Convincing Arguments Aren’t Necessarily Correct – They’re Merely Convincing

I’ve been studying a lot of finance lately, and it strikes me that it’s a field that requires a very high degree of rationality and ability to cut through the noise to get to correct arguments.

What’s nice about investing especially, though, is that it has a very similar utility curve for all players. People have slightly different goals in terms of finance and investing, but generally speaking, people are measuring utility in terms of financial return. There’s some differences between time preferences and risk tolerance, but generally speaking, we can sort the winning strategies from the losing ones over time. There’s a fairly clear and objective standard for what worked and what didn’t, which could make it a very helpful field for the aspiring rationalist to study and learn from.

I originally wrote this post, “Convincing Arguments Aren’t Necessarily Correct – They’re Merely Convincing” for my blog, so the tone is more colloquial than you’d normally see on LessWrong, and the audience is slightly different. A friend of mine suggested I post it up here too as it might be interesting to the LW crowd, so here we go -


“Convincing Arguments Aren’t Necessarily Correct – They’re Merely Convincing”

Things have been going well lately, and I now have a surplus of cash for the first time in a while. Err, rather, I have both a surplus of cash and some high consistency predictable future income. That’s nice! I envy all you salaried people when I think about predictable future income. Having a decent chunk of cash, but no predictable future income means you don’t really have a surplus of cash.

Anyways, I was thinking of what to invest a small bit of money in, and reading some papers and analyses and such. I’m reading a mix of finance, investment, politics, diplomacy, and history lately, which makes for a nice mix. It also has me interested in the topic.

Today, I read a really fantastically convincing argument, enough so that I was immediately ready to go buy a small amount of what the author was advocating.

Then I stopped myself! Wait, the author isn’t necessarily correct – he’s merely convincing.
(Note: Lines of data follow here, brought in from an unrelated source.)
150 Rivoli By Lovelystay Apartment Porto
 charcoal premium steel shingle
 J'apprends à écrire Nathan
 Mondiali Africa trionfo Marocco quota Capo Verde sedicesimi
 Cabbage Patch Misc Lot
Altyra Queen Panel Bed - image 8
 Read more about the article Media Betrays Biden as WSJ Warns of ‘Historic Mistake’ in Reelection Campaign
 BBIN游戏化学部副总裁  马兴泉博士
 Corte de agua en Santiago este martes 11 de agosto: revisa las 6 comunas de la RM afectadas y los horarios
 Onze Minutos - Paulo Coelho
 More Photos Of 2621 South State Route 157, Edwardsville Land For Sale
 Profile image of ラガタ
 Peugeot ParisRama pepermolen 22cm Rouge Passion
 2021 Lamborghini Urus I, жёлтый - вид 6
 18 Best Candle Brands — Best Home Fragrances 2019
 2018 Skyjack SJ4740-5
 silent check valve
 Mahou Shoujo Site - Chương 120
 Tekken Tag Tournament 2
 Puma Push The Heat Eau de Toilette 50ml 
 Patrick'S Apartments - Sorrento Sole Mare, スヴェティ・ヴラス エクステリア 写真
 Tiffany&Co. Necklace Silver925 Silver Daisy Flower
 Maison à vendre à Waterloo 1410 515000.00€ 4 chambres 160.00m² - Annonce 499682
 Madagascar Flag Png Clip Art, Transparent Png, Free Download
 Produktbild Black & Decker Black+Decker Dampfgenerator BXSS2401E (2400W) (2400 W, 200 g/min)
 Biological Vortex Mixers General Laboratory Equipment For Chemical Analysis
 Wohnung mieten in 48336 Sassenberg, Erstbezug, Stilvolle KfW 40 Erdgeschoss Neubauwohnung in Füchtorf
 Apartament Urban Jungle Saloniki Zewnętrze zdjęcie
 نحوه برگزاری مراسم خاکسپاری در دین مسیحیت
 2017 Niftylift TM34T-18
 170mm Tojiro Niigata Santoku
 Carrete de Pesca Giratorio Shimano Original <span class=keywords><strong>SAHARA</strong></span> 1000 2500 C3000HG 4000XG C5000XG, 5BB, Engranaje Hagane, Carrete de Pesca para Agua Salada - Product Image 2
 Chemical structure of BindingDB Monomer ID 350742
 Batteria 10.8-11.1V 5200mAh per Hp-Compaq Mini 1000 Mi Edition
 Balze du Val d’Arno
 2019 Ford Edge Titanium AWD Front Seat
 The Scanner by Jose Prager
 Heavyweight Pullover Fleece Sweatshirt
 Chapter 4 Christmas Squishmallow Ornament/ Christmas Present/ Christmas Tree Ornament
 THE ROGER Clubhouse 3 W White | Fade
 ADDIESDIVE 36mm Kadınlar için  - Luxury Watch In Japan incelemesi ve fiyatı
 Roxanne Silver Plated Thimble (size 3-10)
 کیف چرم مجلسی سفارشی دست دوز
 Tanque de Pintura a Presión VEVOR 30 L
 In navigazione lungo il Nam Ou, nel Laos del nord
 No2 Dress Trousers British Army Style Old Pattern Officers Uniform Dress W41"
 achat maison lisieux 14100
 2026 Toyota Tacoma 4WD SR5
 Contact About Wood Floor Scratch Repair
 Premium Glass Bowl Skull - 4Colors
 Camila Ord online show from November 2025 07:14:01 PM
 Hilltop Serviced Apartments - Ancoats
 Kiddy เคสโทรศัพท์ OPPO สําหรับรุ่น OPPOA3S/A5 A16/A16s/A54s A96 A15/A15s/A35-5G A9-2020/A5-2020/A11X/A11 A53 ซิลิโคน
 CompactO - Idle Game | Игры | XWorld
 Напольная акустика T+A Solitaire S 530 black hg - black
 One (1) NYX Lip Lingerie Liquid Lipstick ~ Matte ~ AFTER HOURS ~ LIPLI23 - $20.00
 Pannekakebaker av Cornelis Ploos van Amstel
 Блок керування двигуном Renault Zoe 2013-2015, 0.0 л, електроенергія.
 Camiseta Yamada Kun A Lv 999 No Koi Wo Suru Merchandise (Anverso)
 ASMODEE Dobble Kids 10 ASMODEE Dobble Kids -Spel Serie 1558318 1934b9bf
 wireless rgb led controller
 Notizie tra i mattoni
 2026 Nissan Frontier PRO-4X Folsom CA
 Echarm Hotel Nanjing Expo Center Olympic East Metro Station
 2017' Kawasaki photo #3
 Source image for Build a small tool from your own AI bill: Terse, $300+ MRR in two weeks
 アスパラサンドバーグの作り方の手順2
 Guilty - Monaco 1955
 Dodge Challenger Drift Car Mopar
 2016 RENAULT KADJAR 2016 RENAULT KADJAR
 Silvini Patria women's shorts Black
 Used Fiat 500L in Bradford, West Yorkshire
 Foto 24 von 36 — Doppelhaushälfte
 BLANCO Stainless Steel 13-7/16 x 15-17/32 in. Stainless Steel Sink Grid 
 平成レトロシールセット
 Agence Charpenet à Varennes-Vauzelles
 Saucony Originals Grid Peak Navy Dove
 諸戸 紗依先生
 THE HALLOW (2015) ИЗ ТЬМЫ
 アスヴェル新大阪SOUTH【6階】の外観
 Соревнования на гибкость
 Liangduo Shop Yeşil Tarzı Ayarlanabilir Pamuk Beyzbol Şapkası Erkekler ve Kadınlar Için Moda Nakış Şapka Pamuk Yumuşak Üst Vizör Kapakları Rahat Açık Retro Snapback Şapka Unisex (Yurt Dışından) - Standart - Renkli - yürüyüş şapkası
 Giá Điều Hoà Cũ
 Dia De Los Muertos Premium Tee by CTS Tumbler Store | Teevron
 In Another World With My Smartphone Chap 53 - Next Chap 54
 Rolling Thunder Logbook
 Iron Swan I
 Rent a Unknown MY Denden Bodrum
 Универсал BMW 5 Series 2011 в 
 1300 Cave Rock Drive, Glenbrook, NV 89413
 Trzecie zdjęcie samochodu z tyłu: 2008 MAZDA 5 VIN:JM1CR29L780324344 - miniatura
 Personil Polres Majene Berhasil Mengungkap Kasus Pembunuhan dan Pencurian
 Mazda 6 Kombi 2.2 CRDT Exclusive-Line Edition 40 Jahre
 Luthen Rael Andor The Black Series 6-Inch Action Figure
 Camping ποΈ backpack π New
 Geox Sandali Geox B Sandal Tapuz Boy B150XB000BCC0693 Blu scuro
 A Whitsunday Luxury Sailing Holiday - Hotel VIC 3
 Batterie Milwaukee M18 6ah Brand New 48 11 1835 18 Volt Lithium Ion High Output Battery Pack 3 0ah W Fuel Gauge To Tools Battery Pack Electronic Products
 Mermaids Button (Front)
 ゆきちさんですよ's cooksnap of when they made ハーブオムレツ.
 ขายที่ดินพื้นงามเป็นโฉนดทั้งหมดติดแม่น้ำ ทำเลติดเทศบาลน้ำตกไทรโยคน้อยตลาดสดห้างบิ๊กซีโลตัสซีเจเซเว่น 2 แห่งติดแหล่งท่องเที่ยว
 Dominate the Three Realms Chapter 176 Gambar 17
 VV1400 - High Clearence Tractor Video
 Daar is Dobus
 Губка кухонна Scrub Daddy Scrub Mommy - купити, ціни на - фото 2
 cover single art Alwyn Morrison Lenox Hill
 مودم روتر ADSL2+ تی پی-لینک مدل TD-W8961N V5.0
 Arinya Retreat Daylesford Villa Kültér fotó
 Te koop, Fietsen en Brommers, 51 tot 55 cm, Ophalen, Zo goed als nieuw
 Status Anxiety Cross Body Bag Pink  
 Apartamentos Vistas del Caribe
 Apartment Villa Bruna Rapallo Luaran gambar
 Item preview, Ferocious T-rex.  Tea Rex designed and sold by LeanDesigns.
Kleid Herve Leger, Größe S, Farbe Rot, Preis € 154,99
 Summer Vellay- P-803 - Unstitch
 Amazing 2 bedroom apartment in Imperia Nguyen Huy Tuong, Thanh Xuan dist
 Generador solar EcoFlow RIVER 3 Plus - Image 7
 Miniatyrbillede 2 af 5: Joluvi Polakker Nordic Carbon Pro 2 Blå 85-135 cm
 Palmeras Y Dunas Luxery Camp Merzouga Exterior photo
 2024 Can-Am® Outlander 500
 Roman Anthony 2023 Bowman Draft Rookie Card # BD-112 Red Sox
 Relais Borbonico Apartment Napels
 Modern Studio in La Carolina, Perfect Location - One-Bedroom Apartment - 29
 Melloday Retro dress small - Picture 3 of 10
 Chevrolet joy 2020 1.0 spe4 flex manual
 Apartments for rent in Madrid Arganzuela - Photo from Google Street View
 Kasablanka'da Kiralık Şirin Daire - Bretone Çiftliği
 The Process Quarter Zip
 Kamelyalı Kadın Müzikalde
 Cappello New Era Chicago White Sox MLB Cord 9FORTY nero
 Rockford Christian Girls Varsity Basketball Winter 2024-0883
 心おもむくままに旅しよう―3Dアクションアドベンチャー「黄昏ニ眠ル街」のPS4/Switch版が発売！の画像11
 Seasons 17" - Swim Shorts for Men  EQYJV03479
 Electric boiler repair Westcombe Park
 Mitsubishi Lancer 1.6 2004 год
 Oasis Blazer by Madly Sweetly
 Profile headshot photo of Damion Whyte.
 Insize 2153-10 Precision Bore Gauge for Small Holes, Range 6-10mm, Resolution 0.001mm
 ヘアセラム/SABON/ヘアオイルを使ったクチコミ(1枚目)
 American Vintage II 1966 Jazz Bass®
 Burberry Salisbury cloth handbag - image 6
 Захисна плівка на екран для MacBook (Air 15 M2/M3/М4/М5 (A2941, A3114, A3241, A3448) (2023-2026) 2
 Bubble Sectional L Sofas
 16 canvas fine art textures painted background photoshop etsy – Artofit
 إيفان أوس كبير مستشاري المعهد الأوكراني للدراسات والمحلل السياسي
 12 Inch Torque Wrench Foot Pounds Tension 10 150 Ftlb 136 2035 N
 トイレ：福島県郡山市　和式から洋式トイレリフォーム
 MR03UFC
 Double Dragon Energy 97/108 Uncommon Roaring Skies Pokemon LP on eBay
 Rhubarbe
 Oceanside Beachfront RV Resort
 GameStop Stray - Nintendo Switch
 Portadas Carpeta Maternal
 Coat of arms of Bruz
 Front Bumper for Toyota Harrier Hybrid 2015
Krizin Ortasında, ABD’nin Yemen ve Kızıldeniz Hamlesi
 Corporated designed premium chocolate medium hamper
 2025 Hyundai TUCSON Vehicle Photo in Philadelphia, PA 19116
I went back through the piece I was reading, which was quite a long piece. I started counting the number of premises the author had, and it went something like this:

Premise A
Premise B
Premise C
Premise D
Premise E
Premise F
If A, B, C, D, E, F, then G.
Premise H
Premise I
Premise J
Premise K
If G, H, I, J, K, then L.
Therefore, invest in L.

It was super convincing. But then it dawns on me, convincing doesn’t mean correct. For instance, though the author doesn’t explicitly state it, two of his premises are that the United States and Chinese economies, political leaderships, objectives, and currencies are going to be doing roughly similar things over the next 20 years to how they’re doing now, maybe with a little bit of change but nothing drastic.

Perhaps that’s not true! I don’t know much about the current governmental leadership of China, who the next projected/​potential leadership is, and their thoughts and objectives. Also, American economic, political, and monetary policy can change fast, and would it really surprise anyone if 2012 or 2016 brought in someone with significantly different monetary views than recently?

So, two of the author’s biggest unstated premises are that China and America will behave roughly how we expect China and America to behave over the next 20 years. And if he’s wrong, the entire analysis might fall apart.

It was a super convincing argument, but there’s a problem with any argument that has a lot of premises chained together – if even one premise is wrong, then the whole conclusion might be faulty.

Convincing doesn’t mean correct – it just means convincing. Stay skeptical. Keep researching.


The tone is more colloquial than it would be if I wrote strictly for LW, but I think this distinction is an important one that most people don’t pay attention to—convincing arguments aren’t necessarily correct. If you’re looking into an argument that has real world consequences, you need to thoroughly examine all the premises of the argument to make sure you’re working with reality. And even a single flaw in a premise can result in you totally blowing your utility up.